## Work order
Word for word, output the data, with none of its pictures.

BEGIN Given data

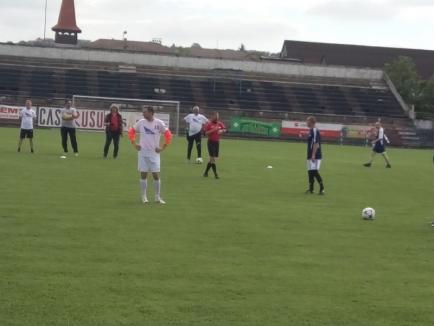 Foşti fotbalişti bihoreni şi invitaţi din Ungaria au participat la prima ediţie a Cupei Old-Boys la Oradea (FOTO)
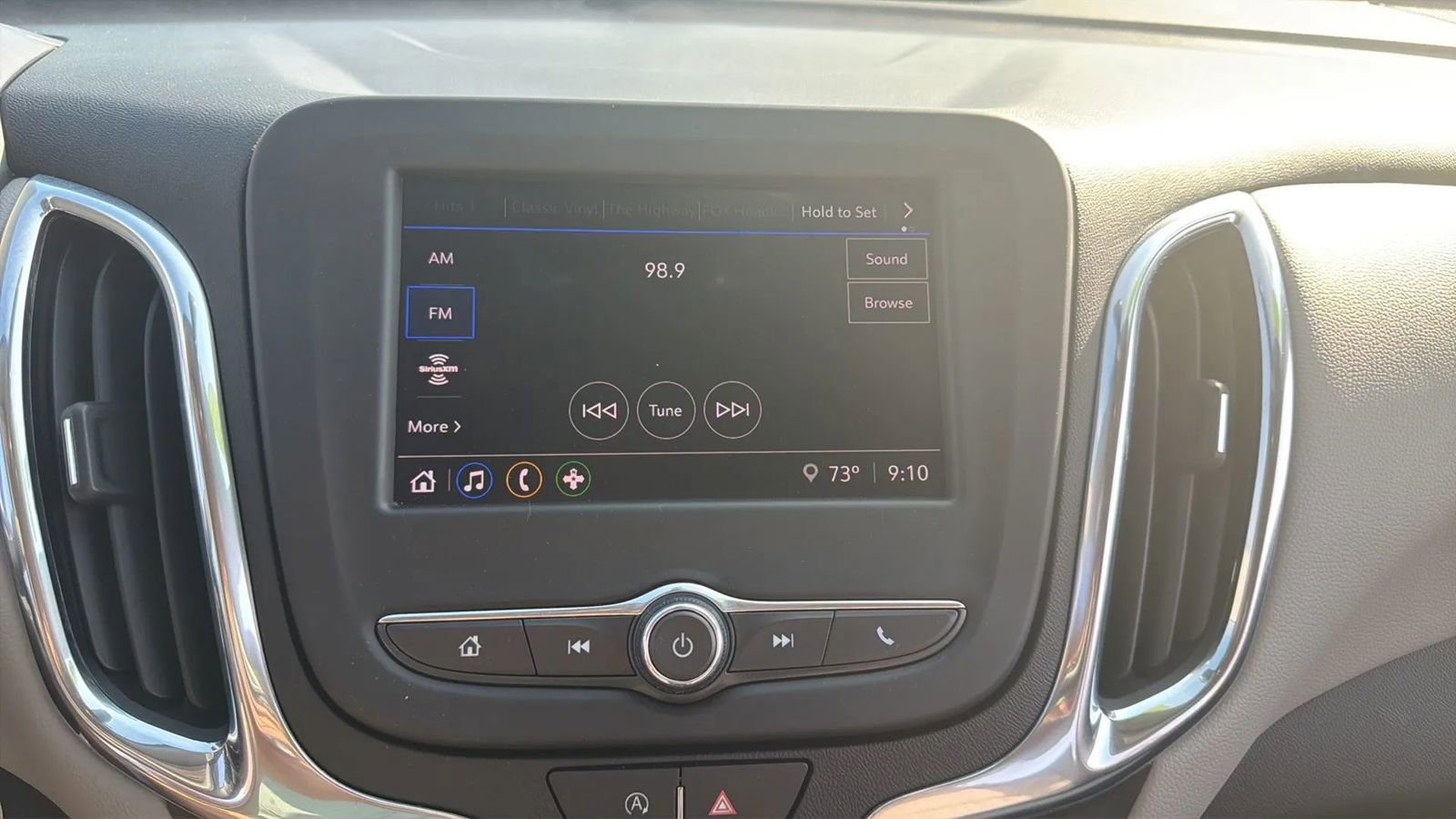Used 2023 Chevrolet Equinox LS AWD/4WD image 19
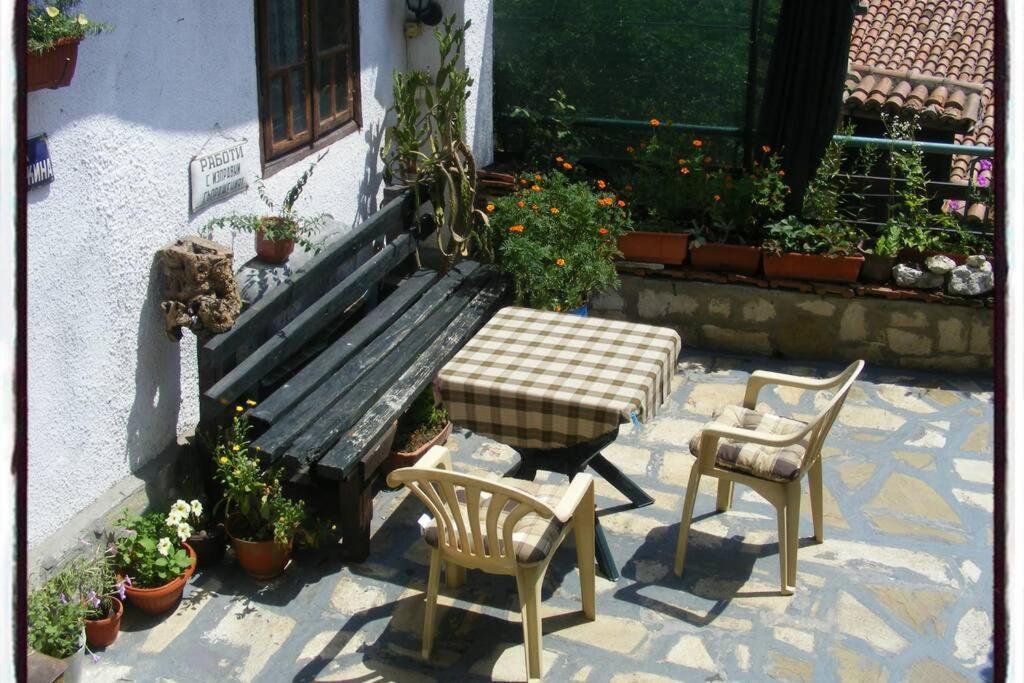 Authentic Guest Stay In The Heart Of Veliko Tarnovo Студио С Изглед Към Царевец エクステリア 写真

END Given data

## Task output
 Foşti fotbalişti bihoreni şi invitaţi din Ungaria au participat la prima ediţie a Cupei Old-Boys la Oradea (FOTO)
Used 2023 Chevrolet Equinox LS AWD/4WD image 19
 Authentic Guest Stay In The Heart Of Veliko Tarnovo Студио С Изглед Към Царевец エクステリア 写真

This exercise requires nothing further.